In McFarland v. St. Paul F. & M. Ins. Co., 46 Minn. 519, 49 N. W. 253, the policy was issued without a written application, and without inquiry by the agent of the insurance company or representations by the insured. It contained a provision to the effect that, if the insured should keep or use gasoline upon the premises without the written permission of the insurer, the policy should be void. It' was contended that, when an insurance company issues a fire policy without inquiry or without application or representations, it waives knowledge as to any existing use of the property which it could have ascertained by reasonable investigation although by the terms of the policy such a use is expressly prohibited, and there is nothing about the description of the property which necessarily implies or indicates that it may be used in a prohibited way. But the court said: “The defendant insured the plaintiff’s dwelling house upon an express condition that the use of gasoline should terminate the contract. * * * The general rule is well stated to be that where there is no application the insured is bound by the conditions found in the policy, which he has accepted and retained without objection. Swan v. Watertown Ins. Co., 96 Pa. St. 37; May, Ins. § 167. Exceptions may be found to this rule, but there are none which can be of service to appellant; for the policy alone, unmodified by representations or in any other manner, was the contract existing between the parties. The conclusive effect of a condition in an insurance policy under like circumstances was in fact determined in the recently decided case of Collins v. St. Paul F. & M. Ins. Co., 44 Minn. 440, 46 N. W. 906.”

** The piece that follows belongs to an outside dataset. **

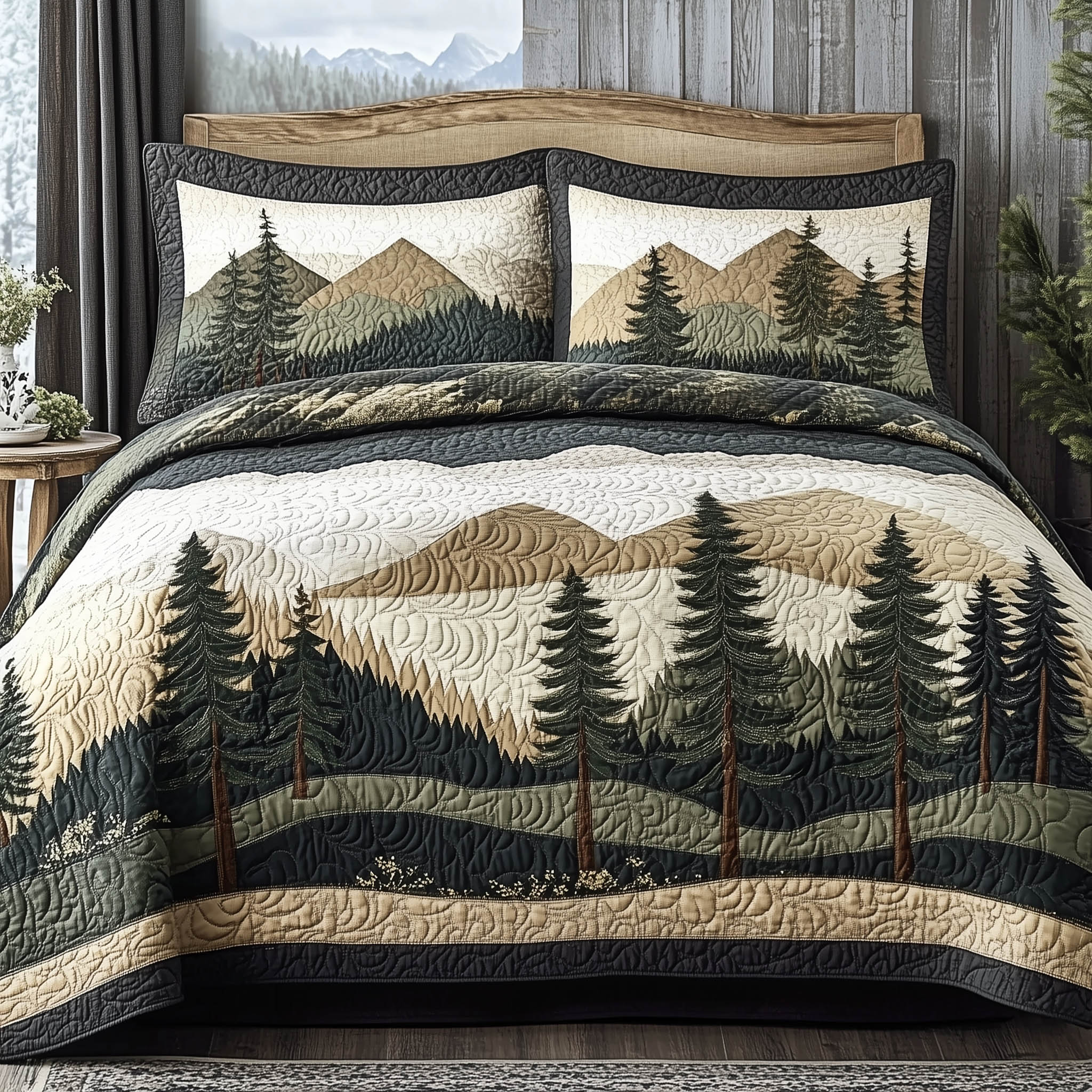 Forest Lodge Quilted Bedding Set Holiday Room Decor Mother's Day Gift Ideas - Tradiviet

In the case cited, the policy contained a condition precisely like that in the one now under consideration. The action was brought to re
It is claimed that the company waived the right to insist upon the breach of condition by issuing the policy without making full inquiries as to the true facts. We are unable to see any grounds for either a waiver or an estoppel in the facts disclosed by this record. A waiver means the intentional relinquishment of a known right. Dawson v. Shillock, 29 Minn. 189, 191, 12 N. W. 526; Fraser v. Ætna, 114 Wis. 510, 523, 90 N. W. 476. As said in Stackhouse v. Barnston, 10 Ves. Jr. 453, a mere waiver signifies nothing more that an expression of an intention not to insist upon a known right. In Warren v. Crane, 50 Mich. 300, 15 N. W. 465, it was said that waiver is a voluntary act, and implies an election by the.party to dispense with something of value, or to forego some advantage which he might at his option have demanded and insisted on. Both intent and knowledge, actual or constructive, of the facts, are therefore essential elements. Schreiber v. German-American Ins. Co., 43 Minn. 367, 45 N. W. 708; Pence v. Langdon, 99 U. S. 578. The intent may be inferred from facts and circumstances, as well as found in declarations of the parties, and the knowledge may also be either actual or constructive. Fraser v. Ætna, supra. But, as said in St. Paul F. & M. Ins. Co. v. Parsons, 47 Minn. 352, 50 N. W. 240: “Nor, in general, where the facts do not constitute an estoppel, should one who neither knows the fact of the forfeiture nor is chargeable with fault in not knowing it be held to have waived the same by acts or conduct not intended to have such an effect.”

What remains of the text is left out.